[398]. Типичный пример представляло собой убеждение Николая II в том, что «истинно русских людей» объединяют под властью их царя естественные узы любви и верности, духовный политический «союз». После того как революция 1905 г. показала, что этот союз, возможно, распадается, Николай обвинил интеллигенцию, евреев и других «плохих людей», чуждых истинному духу страны и народа, в том, что они сбивают «хороший, благочестивый и добрый народ» с пути истинного[399]. Помимо этого, за озабоченностью стояли суровые демографические и экономические реалии: накануне Первой мировой войны почти 90 % русского населения были крестьянами (согласно юридическому определению, включавшему в число крестьян недавних переселенцев в города и рабочих сельских промышленных предприятий, хотя подавляющее число крестьян все же жило в деревне и являлось мелкими производителями сельскохозяйственной продукции) [400]. Журналисты, врачи, экономисты, чиновники, духовенство и политические активисты всех оттенков превратили простой люд в объект изучения, дискуссий, реформ и мобилизации. Все они сходились на том, что положение народа определяет и диктует ситуацию в стране, а в конечном счете и ее судьбу. Но были не в состоянии прийти к единому мнению о том, являются ли крестьяне консервативным сообществом, сопротивляющимся всему новому (что можно было расценить и как благо, и как зло), или естественной движущей силой справедливости, а может быть, и революции. Служат ли крестьяне доказательством пользы современного капитализма или доказательством его вредоносности? Нуждается ли Россия в сильной руке абсолютной монархии или ей нужны современный институт гражданского общества, права и демократия?

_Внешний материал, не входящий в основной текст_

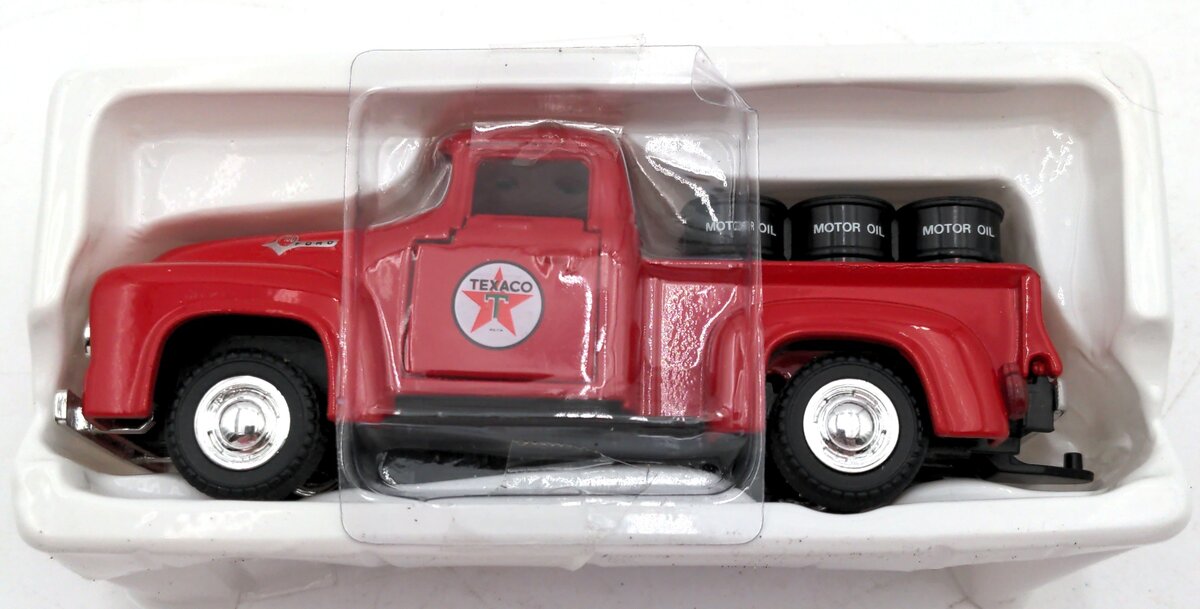 Road Champs 20610002 1954 Texaco Chevrolet 3100 Truck w/Oil Barrels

В последние годы историки ставят под сомнение этот упрощенческий подход, противопоставляя факты крестьянской жизни (включая и заявления наблюдателей, не являвшихся крестьянами) прежним предубеждениям и программам и раскрывая опыт крестьян в отдельности от окружающих их мифов. Исследователи пристально изучают экономические взаимоотношения, семейную жизнь, религию, уровень грамотности и образования, песни и ритуалы, взаимоотношения с государством и помещиками, историю крестьянского сопротивления, восстаний и многие другие проблемы. В число наиболее важных открытий входит вывод об ошибочности представлений (разделявшихся многими современниками) об отдельном и обособленном «крестьянском мире», об «ином мире», основанном на «традициях» и «подлинности», изолированном от внешних культурных влияний и сопротивляющемся всяким изменениям. Вдобавок очень многое зависело от того, был ли «крестьянин» независимым трудящимся-собственником (и от размера, и от экономического положения его хозяйства), поденным рабочим, сельским ремесленником, недавним мигрантом в город, и от многих других факторов, включая место жительства. Не менее важно было и то, о ком из крестьян шла речь – о мужчине, возглавлявшем домохозяйство, о его жене, о подчинявшемся ему сыне или снохе, о вдове, о сироте или об обладателе какого-либо из множества иных статусов, определявшихся возрастом, полом и положением в семье[401].
От крестьян осталось совсем немного письменных источников, в которых бы фиксировался их опыт существования или мысли о своем месте в истории, особенно в эпохи, избежавшие революционных потрясений. Исследователи обнаружили некоторое число относящихся к XIX в. писем крестьян к своим родным[402]. Известен ряд мемуаров крестьян, ставших городскими рабочими, хотя в первую очередь речь идет об участниках последующих революций[403]. Наконец, существуют отдельные устные свидетельства[404]. Разумеется, мы не можем расценивать эти тексты как свидетельства «репрезентативного» или «аутентичного» крестьянского опыта: вообще говоря, они служили выражением опыта, но опыта сложного (подобно всякому опыту), а их содержание было продиктовано целью, с которой они записывались, содержащимися в них идеями, а также отличительными чертами авторов. Гораздо более многочисленны свидетельства, относящиеся к временам потрясений и революций, особенно к 1905–1907 и 1917–1921 гг., когда жители деревни отправляли носителям власти огромное число писем, петиций и резолюций. Но и к этому материалу следует относиться с осторожностью. Например, мы ничего или почти ничего не знаем о том, кто составлял тексты, подписывавшиеся группами крестьян, и тем более о том, как отдельные лица понимали те слова, с которыми они соглашались. Они называли себя крестьянами без всяких указаний на какую-либо из градаций того, что включало понятие крестьянства в смысле их повседневной жизни. Сочиняя письменные послания, крестьяне использовали широкий диапазон всевозможных средств выражения – от языка фольклора и религии до языка школы и прочитанных ими книг. Кроме того, немаловажную роль играли стратегические соображения, побудившие их взяться за перо и обратиться к конкретному адресату. Они писали, главным образом, с целью убедить и потому не забывали о том, кому пишут. Поэтому при пересказе истории крестьянского опыта необходимо не только расслышать их голоса, но и читать эти свидетельства (как и то, что писали о крестьянах) «против шерсти»: отыскивая смысл в конкретном выборе ими слов и сюжетов, сопоставляя слова и дела, не упуская из виду их субъективности и целей и, наконец, помня о том, что не было никакого типичного «крестьянина» – были миллионы крестьян, чей опыт, положение в общине и точка зрения отличались друга от друга во многих возможных отношениях.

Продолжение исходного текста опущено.